We made a strategic decision to peg our beta to NICAR’s March 2010 computer assisted reporting conference, where we knew we’d be able to gather a sizable group of just the sort of investigative reporters we hope to support with DocumentCloud, and get them excited about using our tools to do more with their documents. Nothing beats hands-on support when you’re using a new tool. Plus, we identified dozens of quick fixes we could make after watching over journalists’ shoulders as they explored DocumentCloud.

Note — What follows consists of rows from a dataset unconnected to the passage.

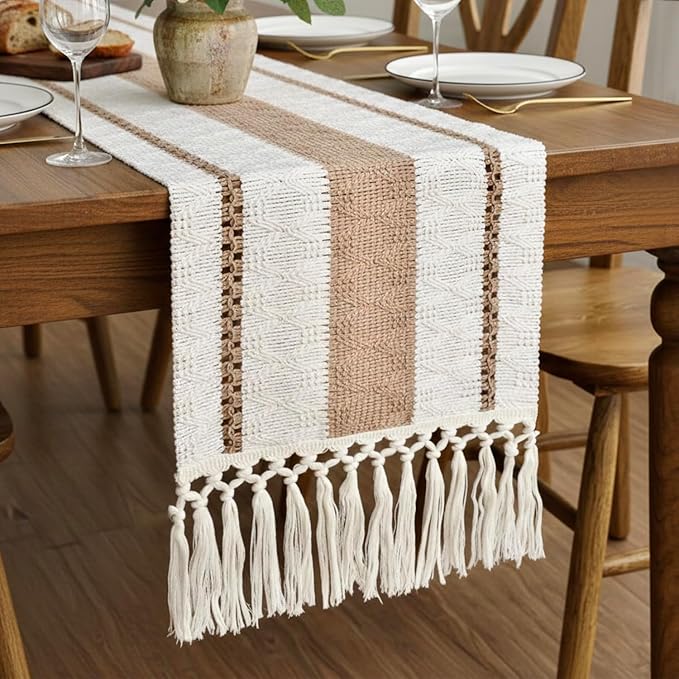 FEXIA Boho Table Runner with Tassels 12x90 Inches - Image 7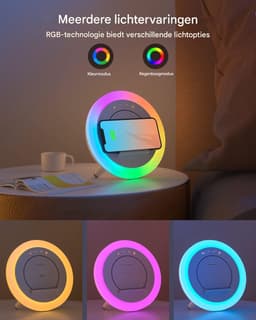 Bluetooth-luidspreker - Nachtlampje- Draadloos Oplaadstation - Telefoonhouder -Slaapkamer En Kinderkamer — thumbnail 3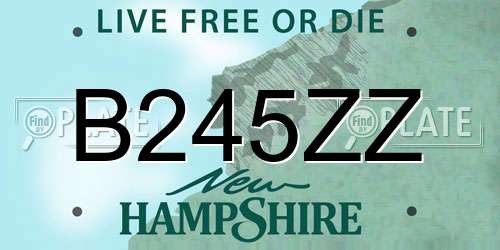 B245ZZ New Hampshire License Plate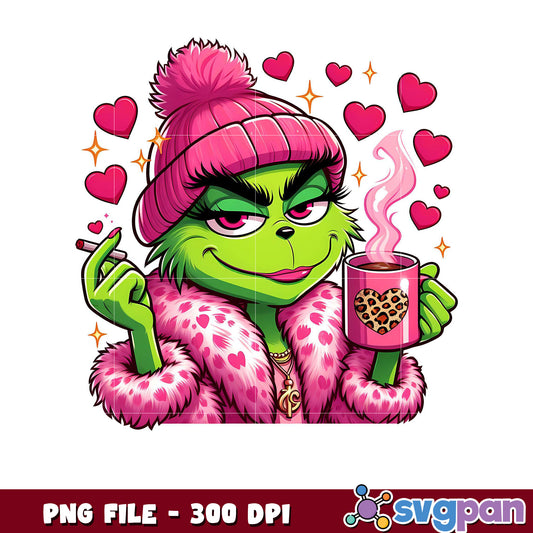 Grinch with Heart Mug and Pink Hat, Cute PNG Artwork Download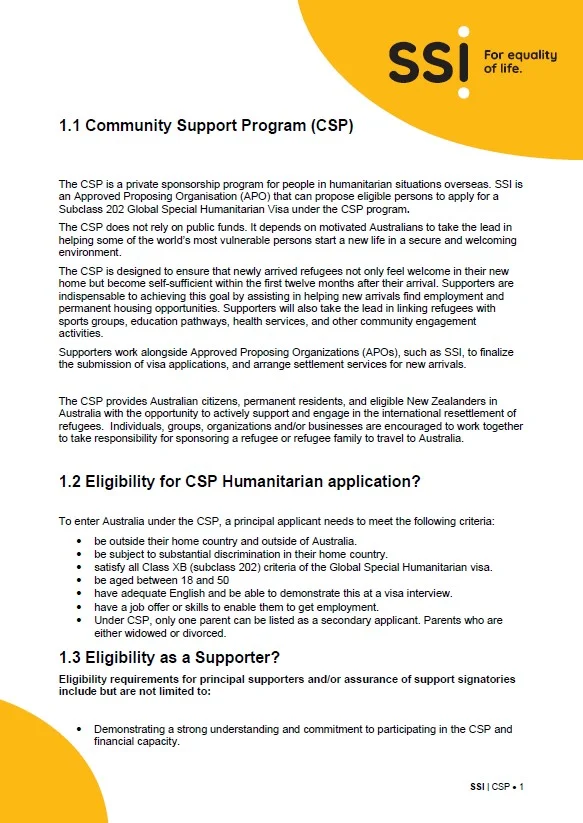 Community Support Program (CSP) Requirements Eligibility
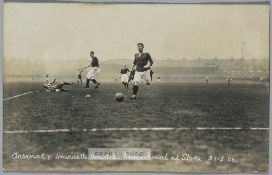 Arsenal v Newcastle United F.A. Cup semi-final at Stoke, 31st March 1906 b & w postcard,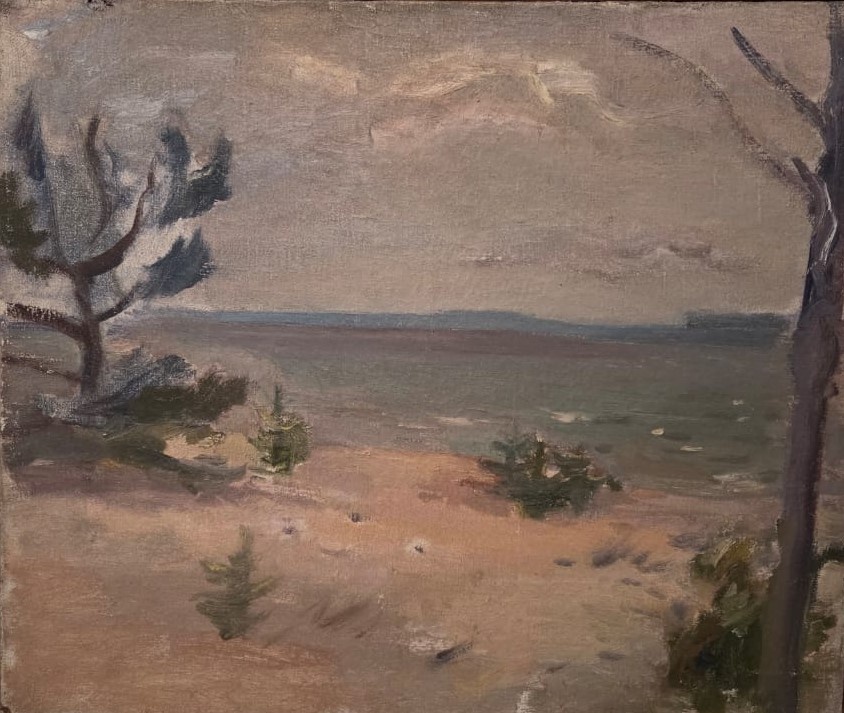 На берегу. Конец 1930-х. холст, масло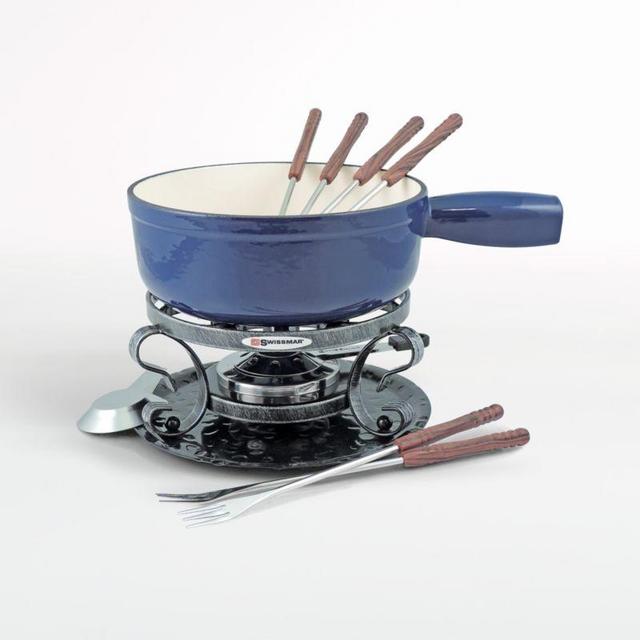 Swissmar Lugano 9-Piece Deep Blue Cast Iron Fondue Set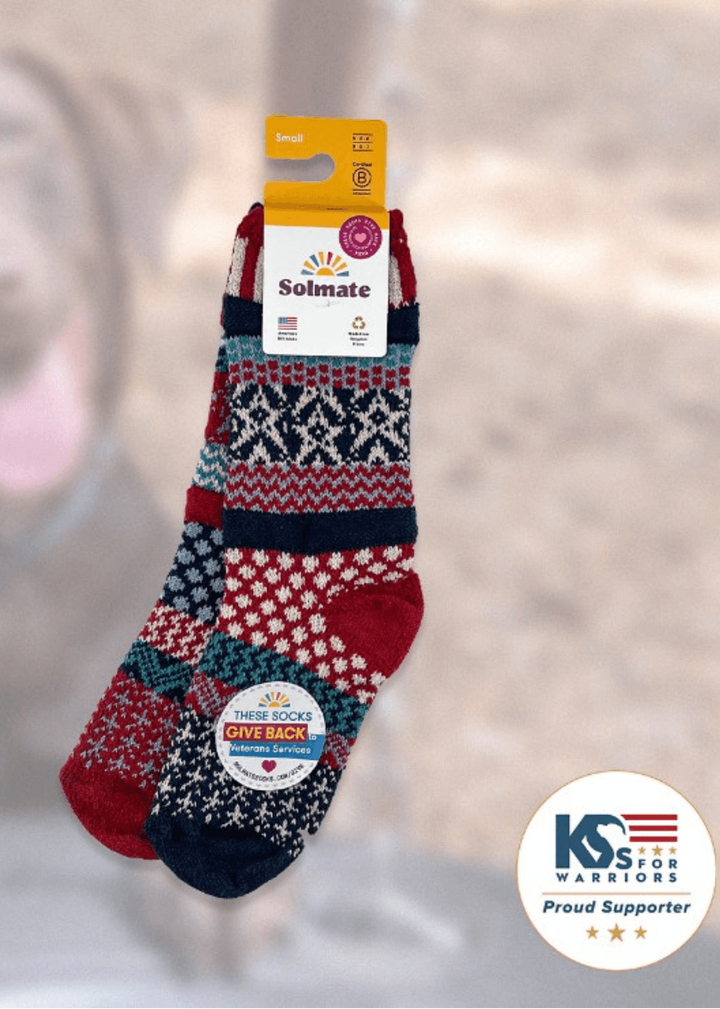 Solmate STARS AND STRIPES Knitted Crew Socks | Made in USA | These socks are delightfully mismatched & so very comfortable.  American Made Women's Boutique.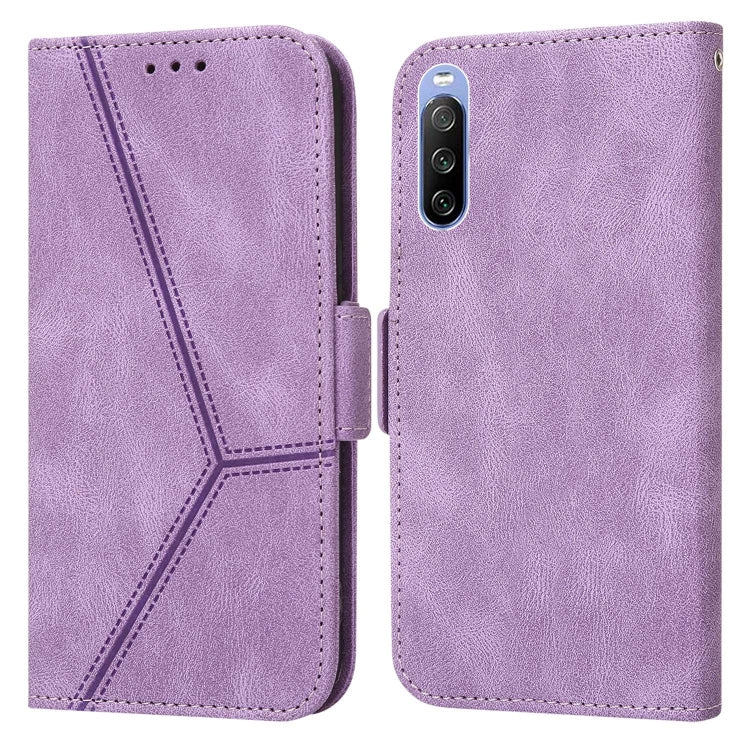 For Sony Xperia 10 III Embossing Stripe RFID Leather Phone Case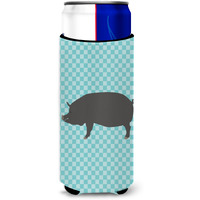 "Caroline's Treasures Berkshire Pig Blue Check Decorative Can Hugger, Slim, Multicolor"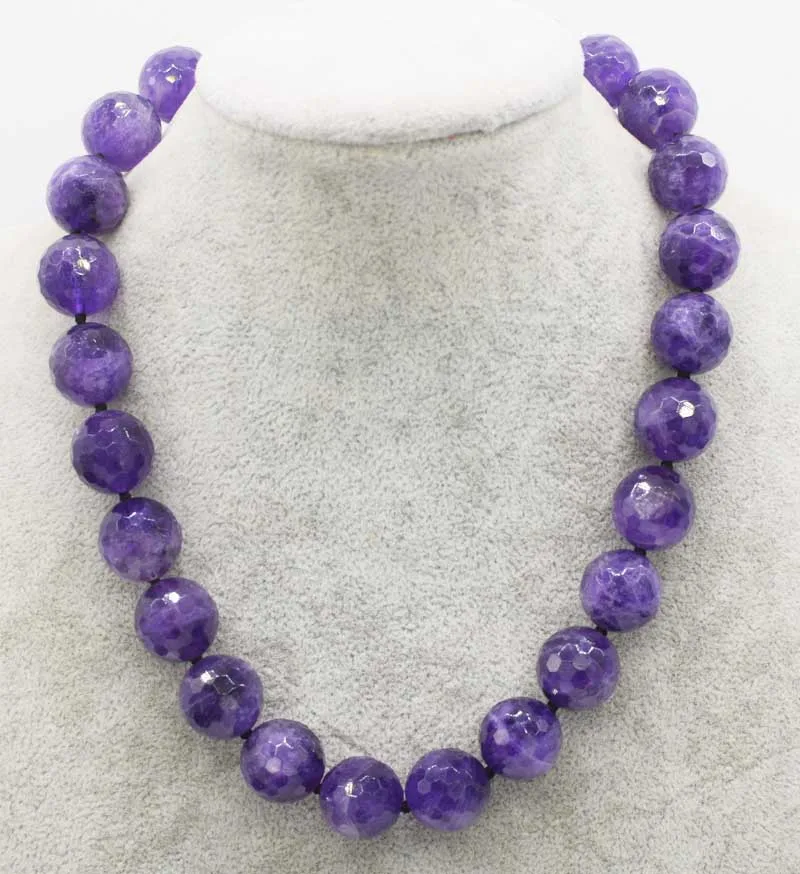 

wholesale 12mm amethyst faceted round necklace 17.5inch nature beads gemstone womamn gift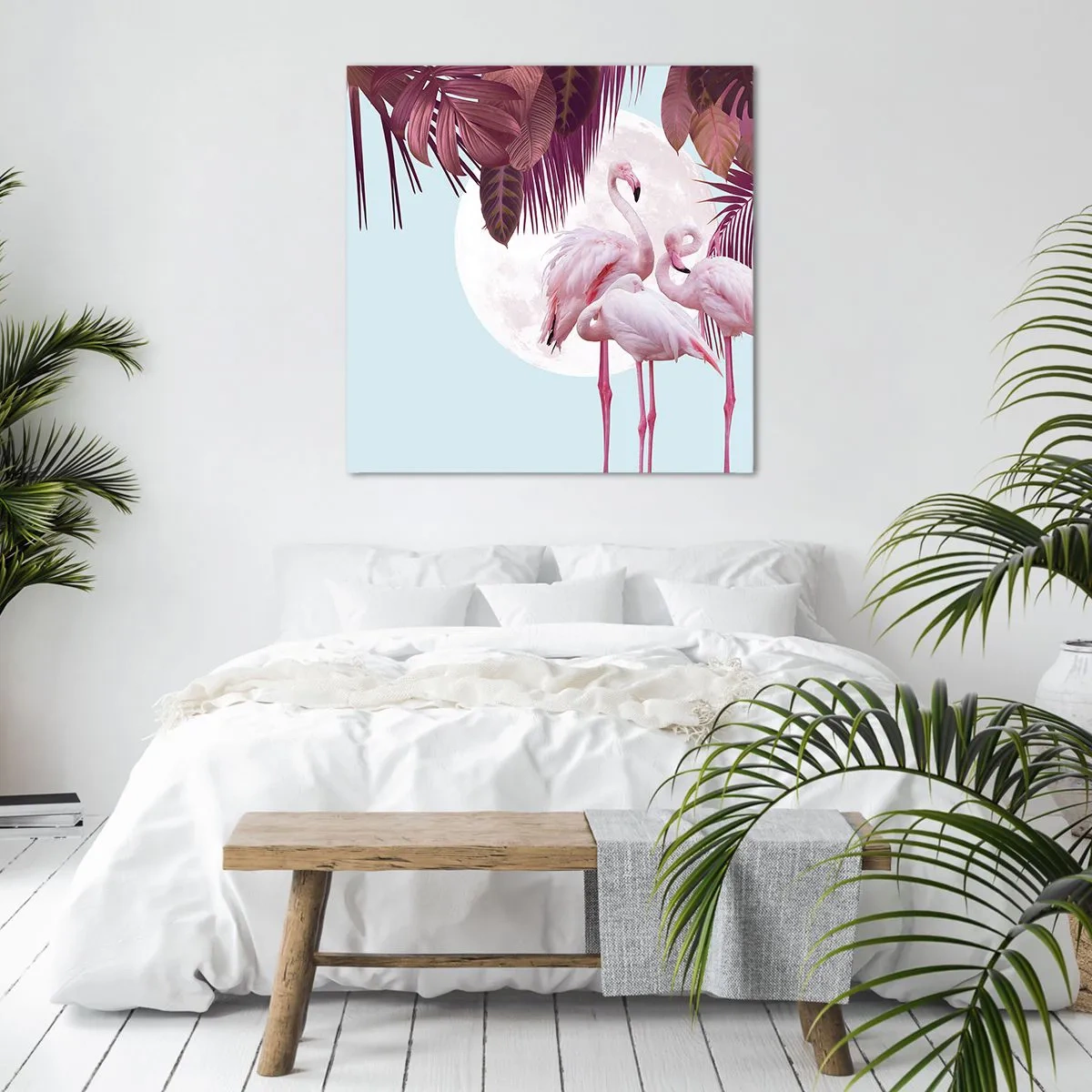 Quadro em tela - Três graças de pássaros - 60x60 cm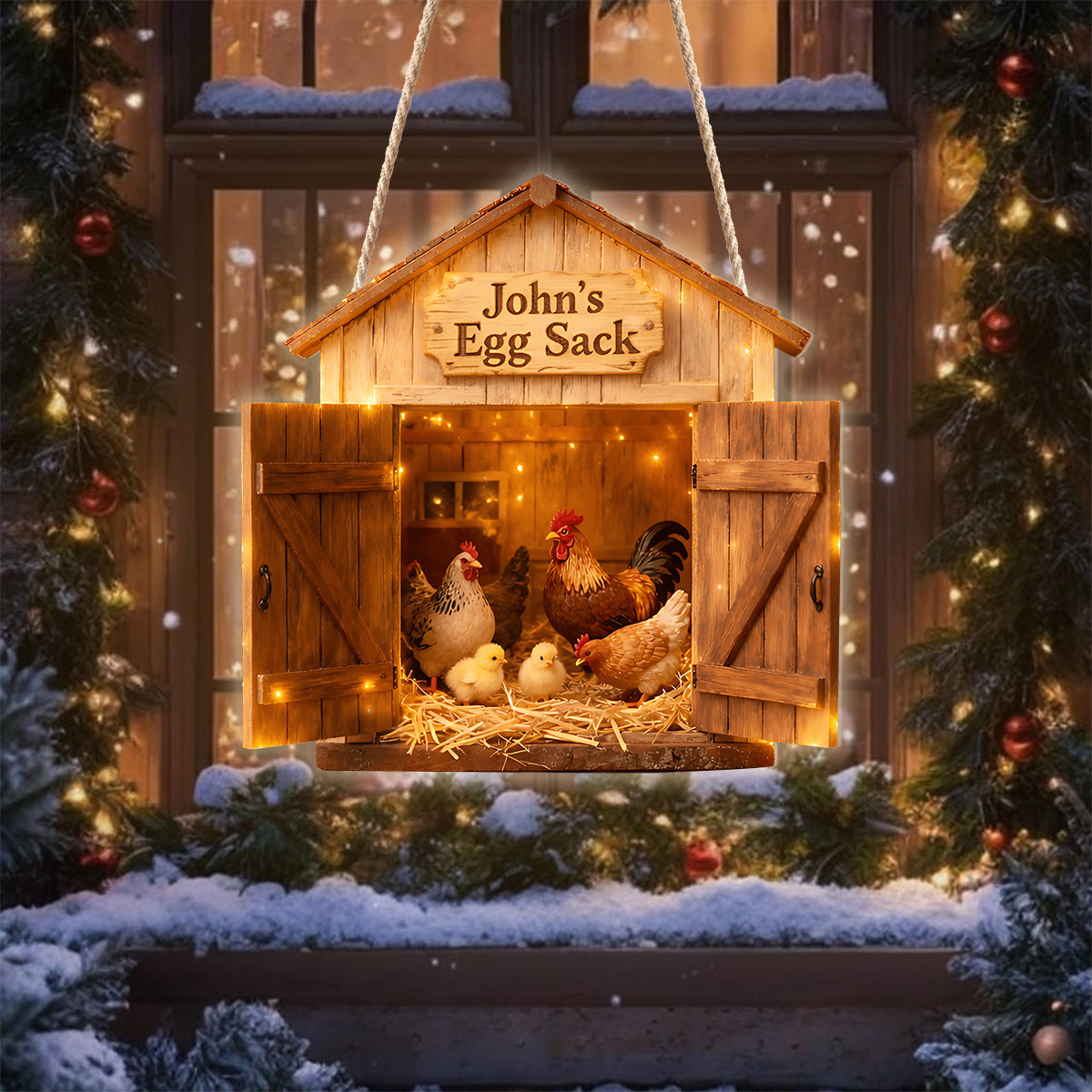 Egg Sack, Farmer Gift - Personalized Farmer LED Light Acrylic Sign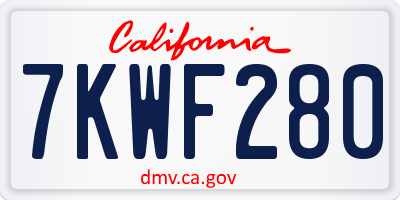CA license plate 7KWF280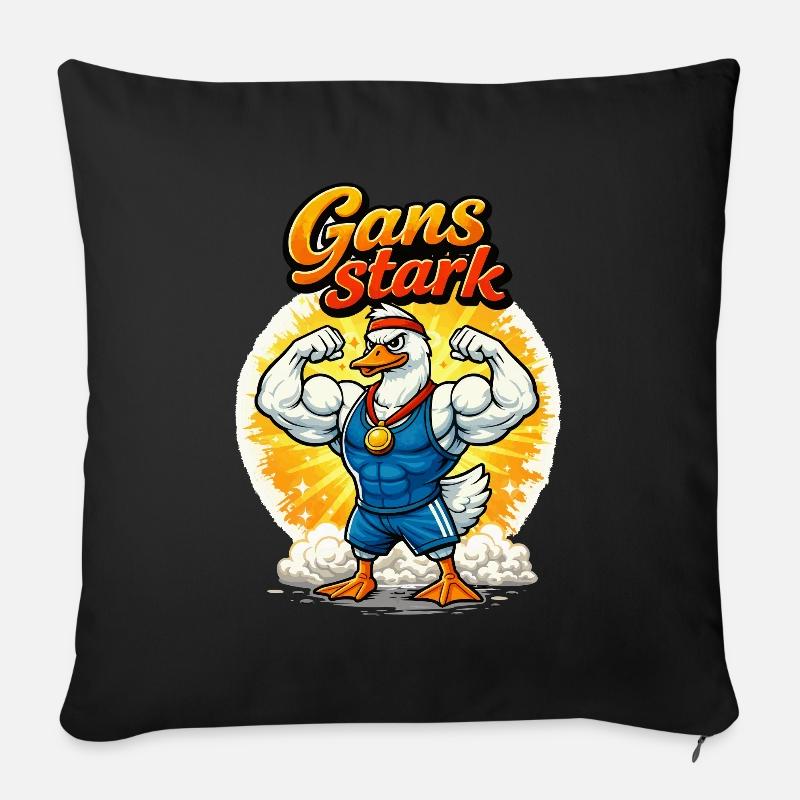 Gans Stark Muskelheld - Sofakissen mit Füllung 45 x 45 cm - Schwarz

In the month since NICAR, we’ve added more than 150 users who’ve uploaded a cumulative 54,000 pages of text, and made close to 300 documents available in DocumentCloud. Our repository is already home to police reports from New Orleans, a confirmation hearing transcript that adds context to coverage of Justice Stevens’ resignation, and disaster preparedness plans from Haiti. There’s even a collection of emails that document how some hedge funds not only saw the mortgage crash coming, but wagered on the collapse and won big. (The hedge fund that these reporters investigated argues it never had the hands-on role ascribed to them; that’s in DocumentCloud, too.) Eventually, anyone will be able to connect with those documents right through our website.
Want to be part of the beta? Get in touch and tell us a bit about the documents you’re working with.
We’re still adding beta testers and actively listening to the users we’ve got as we prioritize and refine our to do lists, but we think we’re off to a great start.